Peru's Law 29733: Data Protection for Your Website
Law 29733 in Peru: which data protection obligations apply to your website, the National Authority, the rights of the data subject, and a practical checklist.
If your website serves people in Peru, you almost certainly collect personal data: an email from your contact form, a phone number to coordinate a delivery, a name and an address when you close a sale. That everyday act makes you a controller of personal data under Law 29733, Peru's Personal Data Protection Law.
It doesn't matter whether you run an online store, a landing page, a blog with subscribers, or a local business with a booking form. The good news: you don't need to be a lawyer to cover the essentials, because most of the obligations come down to concrete decisions about your site. In this guide we explain what Law 29733 requires of you, the role the authority plays, what rights your users have, and above all, what you can review today.
Note: this is a practical guide, not legal advice. Penalty amounts, thresholds, and deadlines change; whenever something is uncertain, we'll tell you to check the current text or consult a specialist.
What Law 29733 Is
Law 29733, the Personal Data Protection Law, is the general rule that governs how personal data may be processed in Peru. Together with its implementing regulation, it develops a right the Constitution recognizes: that every person controls the information that exists about them.
In plain terms: if you collect, store, use, share, or delete data about an identified or identifiable person, you are carrying out "personal data processing," and the law assigns you duties. It's worth pinning down three roles, because the law splits the obligations depending on which one you are:
- Data subject: the person the data refers to. Your customer, your subscriber, your visitor.
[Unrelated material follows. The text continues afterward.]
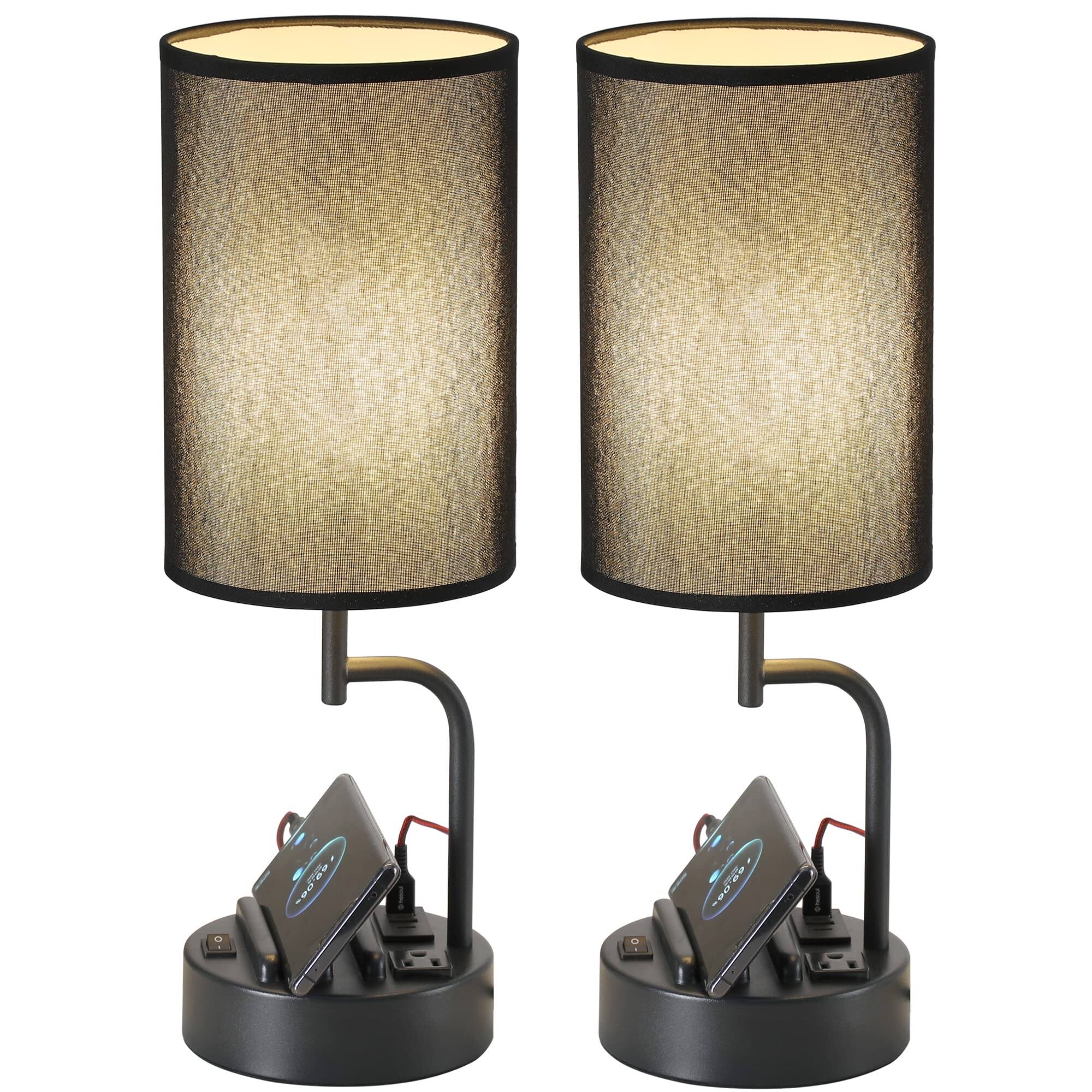 Front. Reds Spade - Dreamholder Table Lamp USB Charging Ports Modern Desk Lamp Outlet Phone Stands Perfect Bedside Lamp THREE - Black.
- Controller: the party who decides why and how the data is processed. If that's your site or your business, it's usually you.
- Processor: the party who processes data on the controller's behalf. Your vendors: the hosting provider, the store platform (Shopify, Wix), the bulk email service, the payment gateway, the analytics tool.
This matters because your relationship with each vendor should be documented, and because responsibility toward the data subject remains yours even when you delegate the processing to an outside tool.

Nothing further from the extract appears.